▸ **WORK ITEM**:
Return the lines of the data below, from the one containing "Ford Kuga 2013" through the very last, exactly and with both ends included; no pictures.

▸ **Captioned web image data**:
◇ ◇ ◇ ◇ ◇

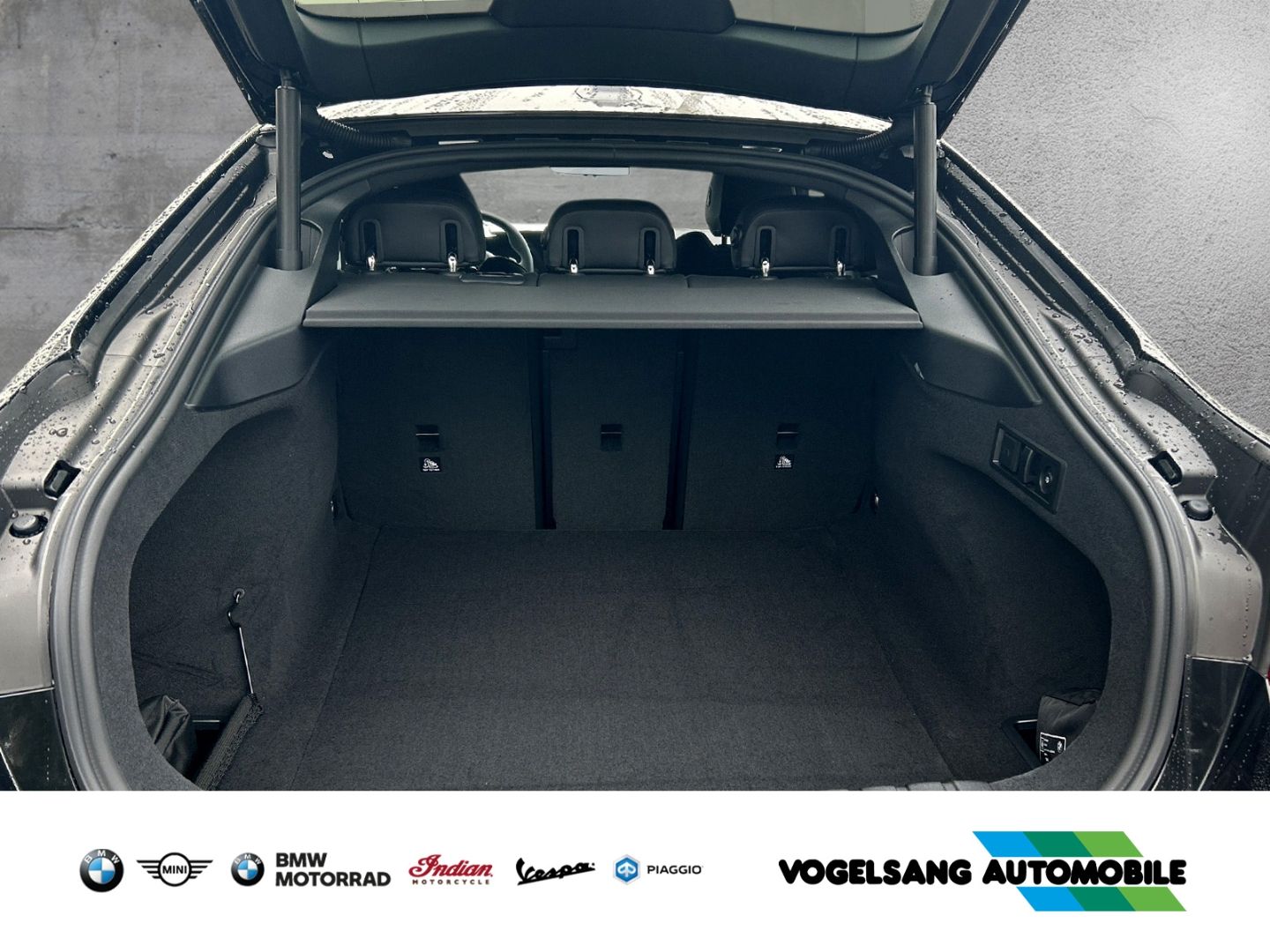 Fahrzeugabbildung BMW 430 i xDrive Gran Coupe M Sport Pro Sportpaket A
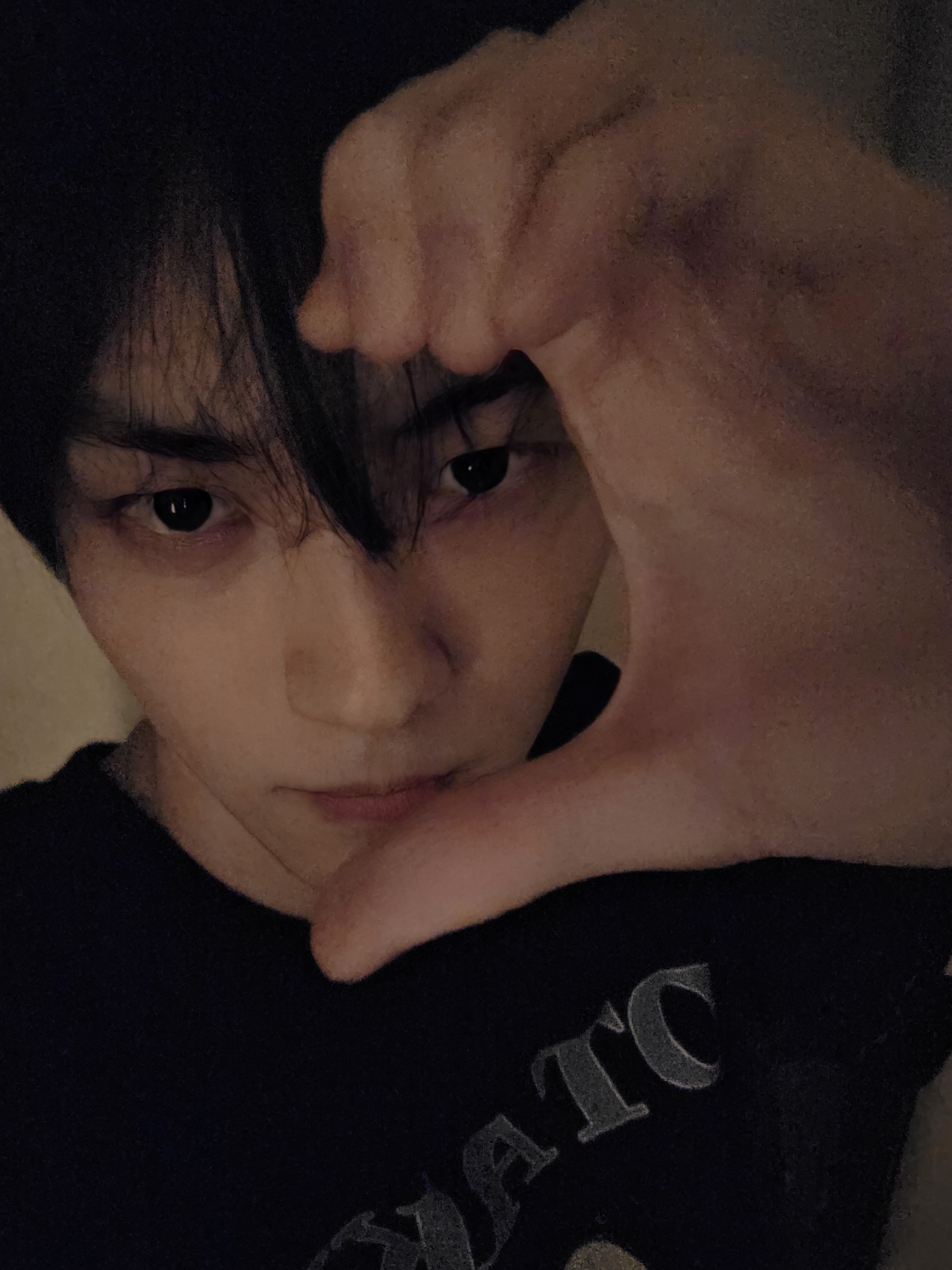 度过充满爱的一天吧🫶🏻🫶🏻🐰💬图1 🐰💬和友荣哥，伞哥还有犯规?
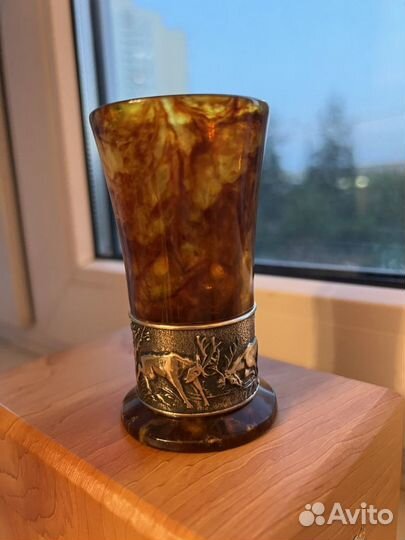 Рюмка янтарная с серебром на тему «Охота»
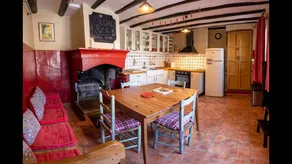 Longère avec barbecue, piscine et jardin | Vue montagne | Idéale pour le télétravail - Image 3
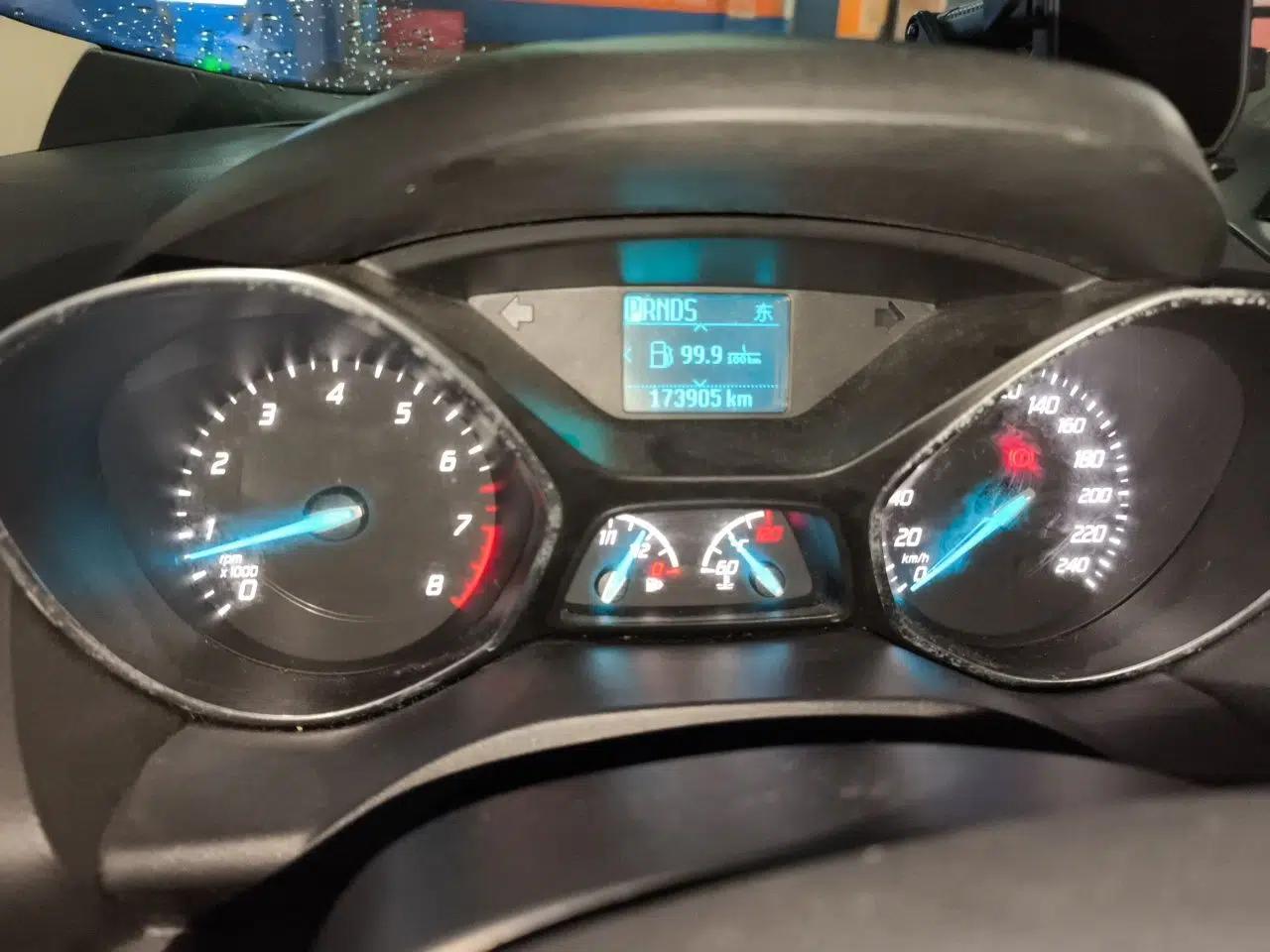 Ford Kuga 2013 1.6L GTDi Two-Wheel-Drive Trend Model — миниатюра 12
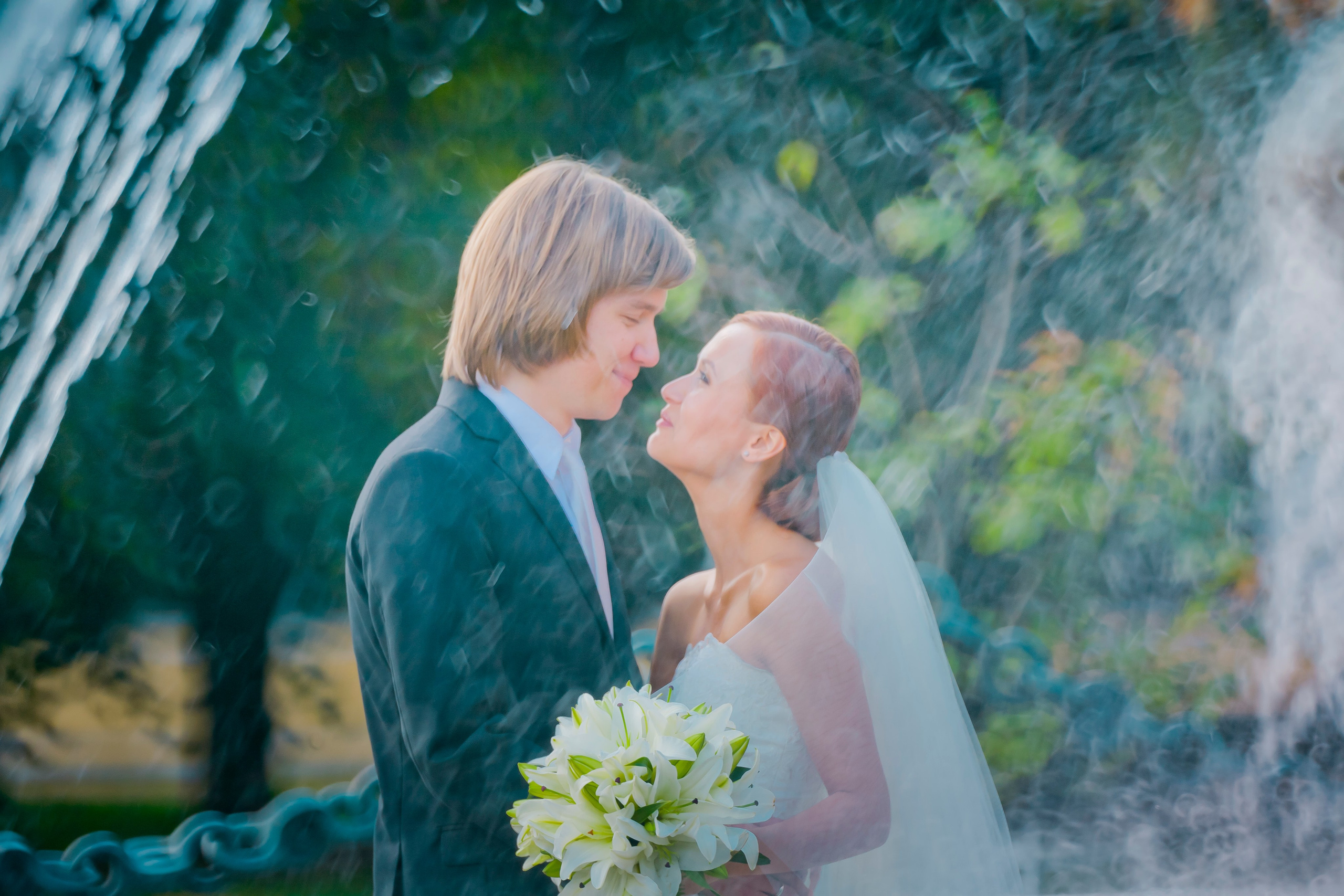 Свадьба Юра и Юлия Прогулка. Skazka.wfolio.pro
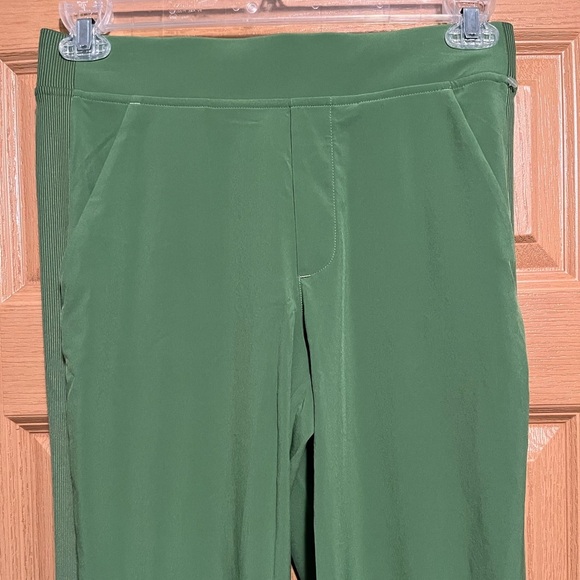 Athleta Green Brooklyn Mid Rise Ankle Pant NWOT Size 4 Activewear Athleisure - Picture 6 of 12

◇ ◇ ◇ ◇ ◇

▸ **REPLY TO THE EXERCISE**:
 Ford Kuga 2013 1.6L GTDi Two-Wheel-Drive Trend Model — миниатюра 12
 Свадьба Юра и Юлия Прогулка. Skazka.wfolio.pro
 Athleta Green Brooklyn Mid Rise Ankle Pant NWOT Size 4 Activewear Athleisure - Picture 6 of 12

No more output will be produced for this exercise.